» ACTION ITEM
Return, exactly and with nothing added, the line with "Feu arrière droit" together with all lines after it through the end of the data below. No pictures belong in the copy.
----
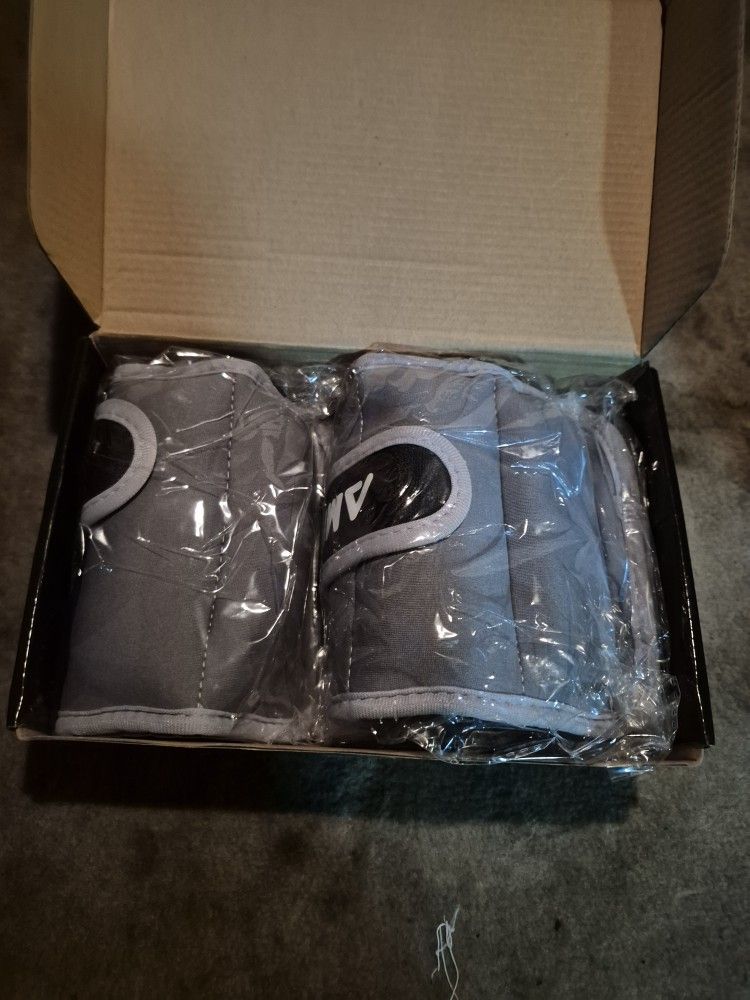 New 3lbs Ankle Weights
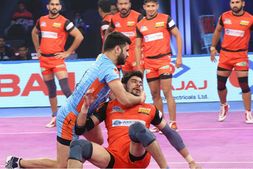ಪಿಕೆಎಲ್ 2018: ಬೆಂಗಾಲ್‌ಗೆ ಅಗ್ರಸ್ಥಾನ ಬಿಟ್ಟುಕೊಡಲಿದೆಯೇ ಬೆಂಗಳೂರು?!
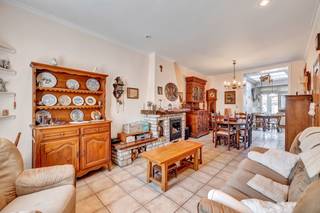 Voor meer info of bezoek, bel 02/884.23.23 - Langs de Vlindersstraat in Anderlecht ligt deze charmante woning. De woning is gelegen op de grens...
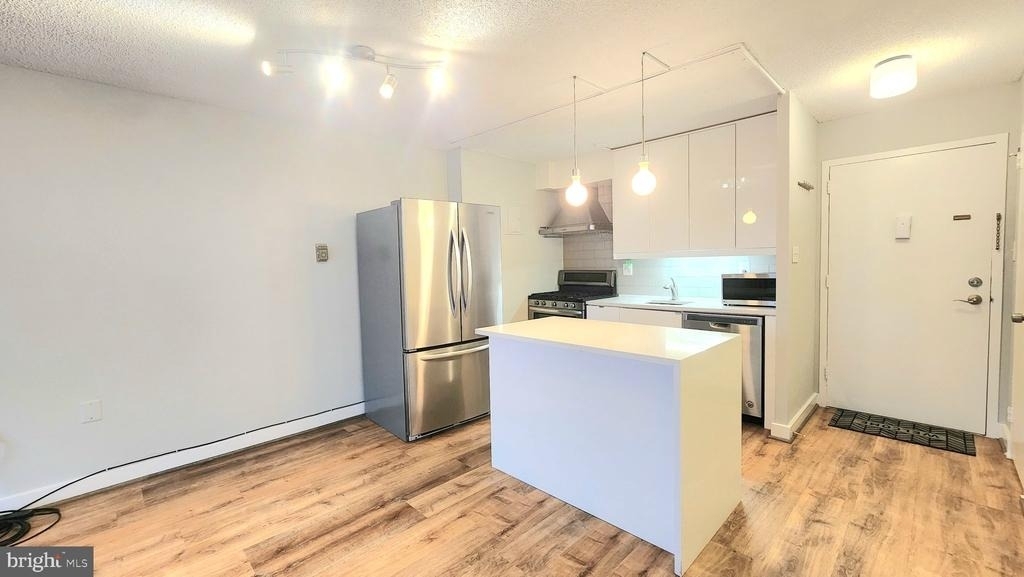 2500 N Van Dorn Street - Photo 11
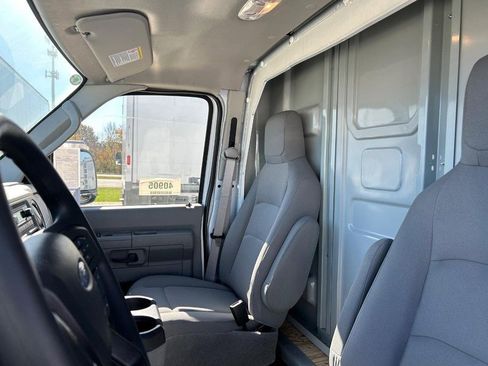 New 2025 Ford E-450 and Econoline 450 Super Duty w/ Power Equipment Group image 8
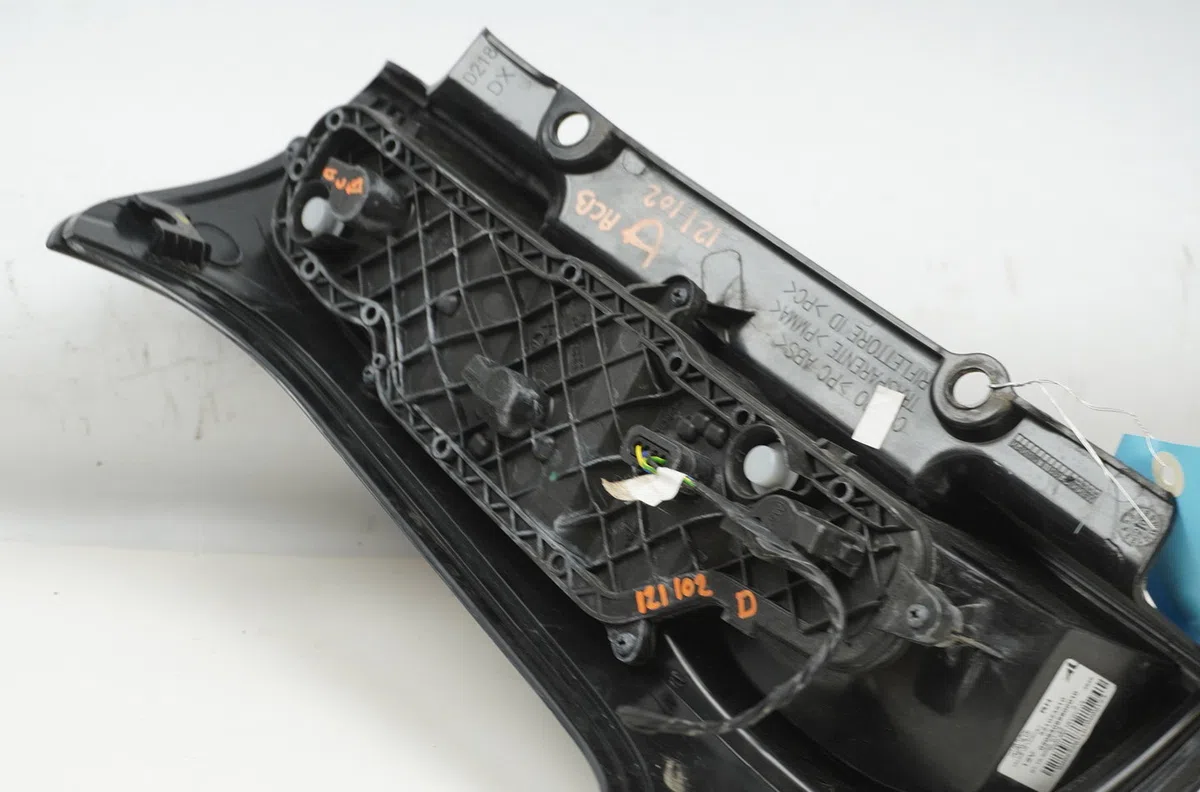 Feu arrière droit Fiat PANDA (312_, 319_) 0.9 4x4 (312pxg1a) (2012) occasion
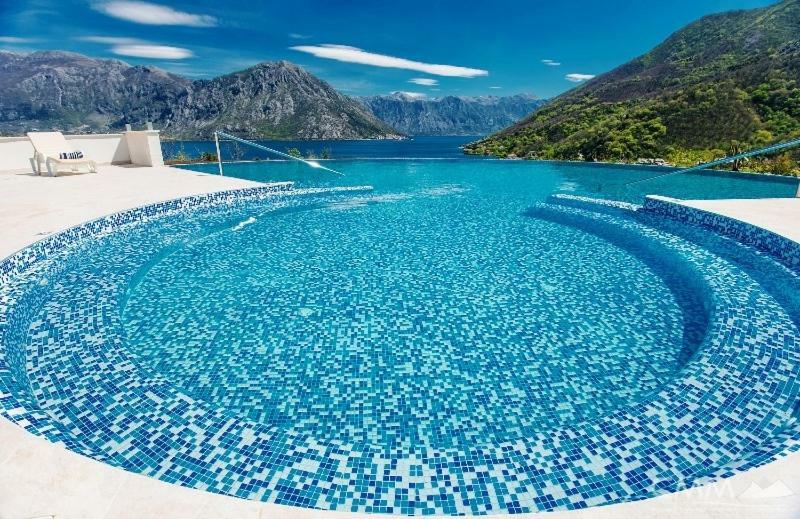 Luxury 1 Bedroom Apartment With Cozy Garden D2-2 In Morinj Cattaro Esterno foto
----
» OUTPUT FOR THIS EXERCISE
 Feu arrière droit Fiat PANDA (312_, 319_) 0.9 4x4 (312pxg1a) (2012) occasion
 Luxury 1 Bedroom Apartment With Cozy Garden D2-2 In Morinj Cattaro Esterno foto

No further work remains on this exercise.